А как же насущная потребность в большом внутреннем рынке? Если под «большим» мы понимаем территорию страны, то это еще один обман зрения. Не спорю, что процветающий рынок лучше бедного, но какая разница, внутренний он или внешний? Например, я что-то не слышал, чтобы для обеспечения экспорта больших партий Фольксвагенов на богатый рынок Соединенных Штатов, Германии необходимо было присоединить США к себе. Но все выглядит совсем по-другому, когда бедная социальная группа или регион оказываются политически привязанными к богатой группе или региону или же управляются ими.
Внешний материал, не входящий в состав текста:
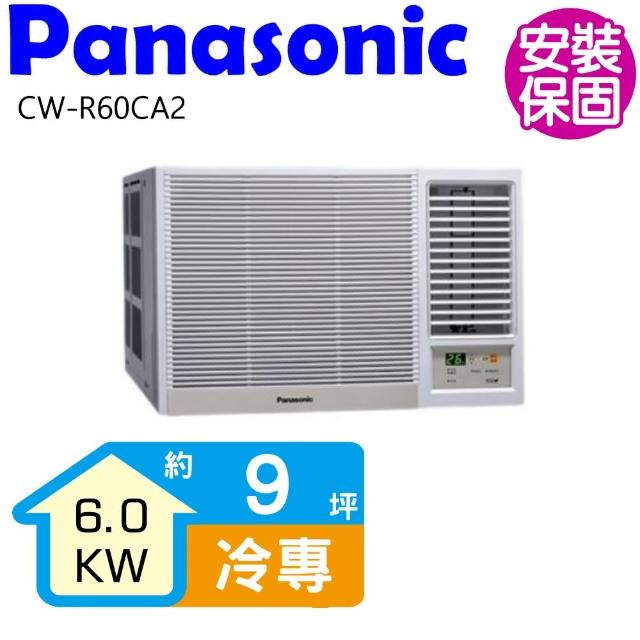 【Panasonic 國際牌】右吹變頻冷專窗型冷氣9坪(CW-R60CA2)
Почему? Потому что в мобильном, оторванном от земли обществе закон потери равновесия бесконечно сильнее так называемого закона равновесия. Успешное развитие непременно ведет к дальнейшему развитию, а застой — к еще более глубокому застою. Развитый регион обескровливает недоразвитый, и если у слабых нет защиты от сильных, то ситуация безнадежна: им остается либо остаться слабыми, либо мигрировать и присоединиться к сильным, однако помочь себе сами они уже не в состоянии.
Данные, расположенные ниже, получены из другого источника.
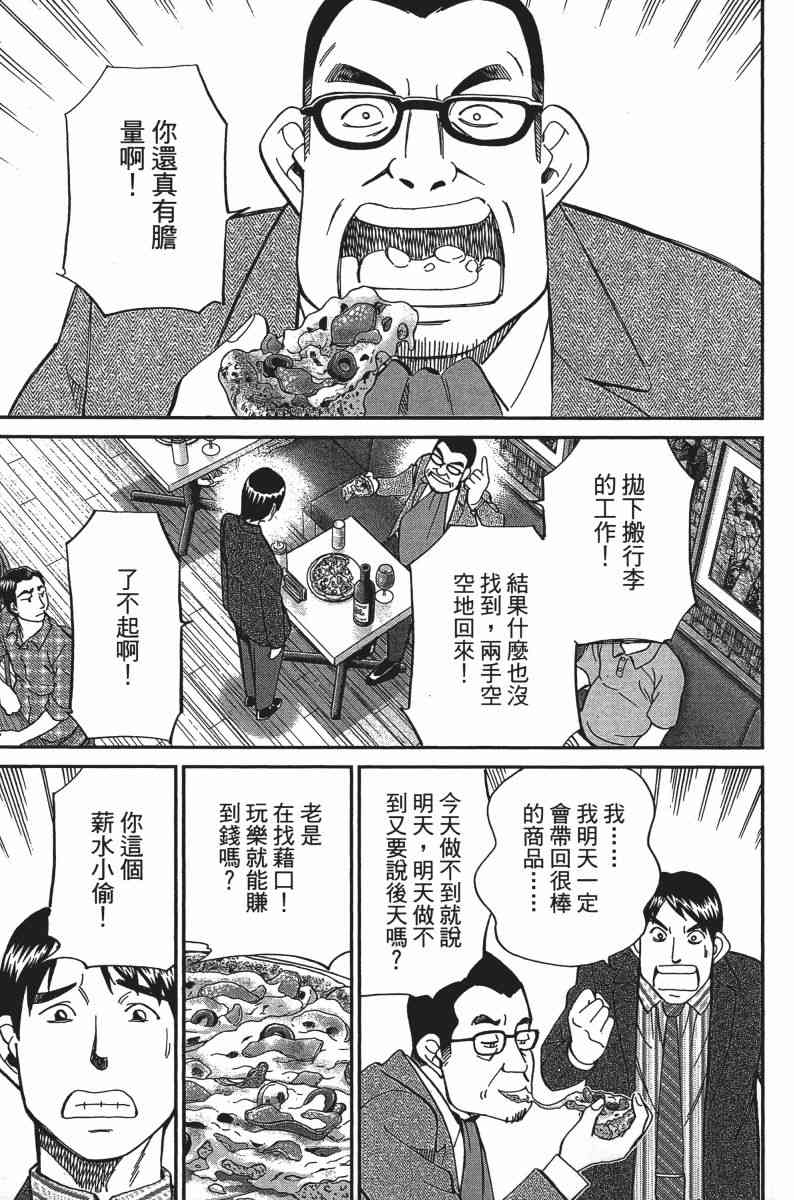 25卷85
Важнейшая проблема второй половины двадцатого века — это географическое распределение населения, проблема «регионов». Проблема регионов здесь понимается не в смысле объединения многих стран в региональные системы свободной торговли, но в смысле равномерного развития всех регионов внутри каждой страны. И действительно, сегодня это самый важный пункт на повестке дня всех крупных стран. И национализм малых народов, стремление к самоуправлению и так называемой независимости — это просто логичный, разумный ответ на потребность регионального развития. В особенности в бедных странах положение бедноты безнадежно, если не будет успешного регионального развития во всех сельских районах за пределами столицы.
Если региональное развитие не является одним из приоритетов государства, то бедные оказываются перед выбором: продолжать жить в нищете там, где они есть, или переехать в большой город, где их ждет еще большая нищета. Действительно странно, что современная экономическая наука со всеми своими премудростями бессильна помочь бедным.
Она неизменно доказывает, что эффективна лишь та политика, которая делает богатых и могущественных еще более богатыми и могущественными. Из нее следует, что промышленное развитие оправдано только в непосредственной близости к столице или к другому большому городу, но не в деревне; большие проекты неизбежно более эффективны, чем малые, и что предпочтение следует неизменно отдавать капиталоемким, а не трудоемким проектам. Экономические расчеты современных экономистов подводят промышленников к необходимости ликвидации человеческого фактора, ибо, в отличие от людей, машины не делают ошибок. Отсюда огромные затраты на автоматизацию и строительство заводов все большего размера. Это означает, что те, у кого нет ничего, кроме своих рабочих рук, остаются в самом уязвимом положении, когда речь идет об оплате труда. Мудрость экономической науки обходит стороной бедных, тех самых людей, которым действительно необходимо экономическое развитие. Экономика гигантизма и автоматизации — пережиток мышления девятнадцатого века, совершенно бессильного решить сегодняшние насущные проблемы. Необходимо совершенно новое мышление, основанное на внимании к человеку, а не к товарам (товары-то сами о себе позаботятся!). Его можно кратко передать фразой: «производство массами, а не массовое производство». То, что было невозможно в девятнадцатом веке, возможно сегодня. И то, чем пренебрегали в девятнадцатом веке, сегодня становится для нас невероятно важным. Это касается целенаправленного использования колоссального технического и научного потенциала для борьбы против нищеты и деградации человека, борьбы в непосредственном контакте с народом: с отдельными людьми, семьями, небольшими группами, а не с государством или другими безымянными абстракциями. А для этого необходима политическая и организационная структура, позволяющая работать в таком контакте.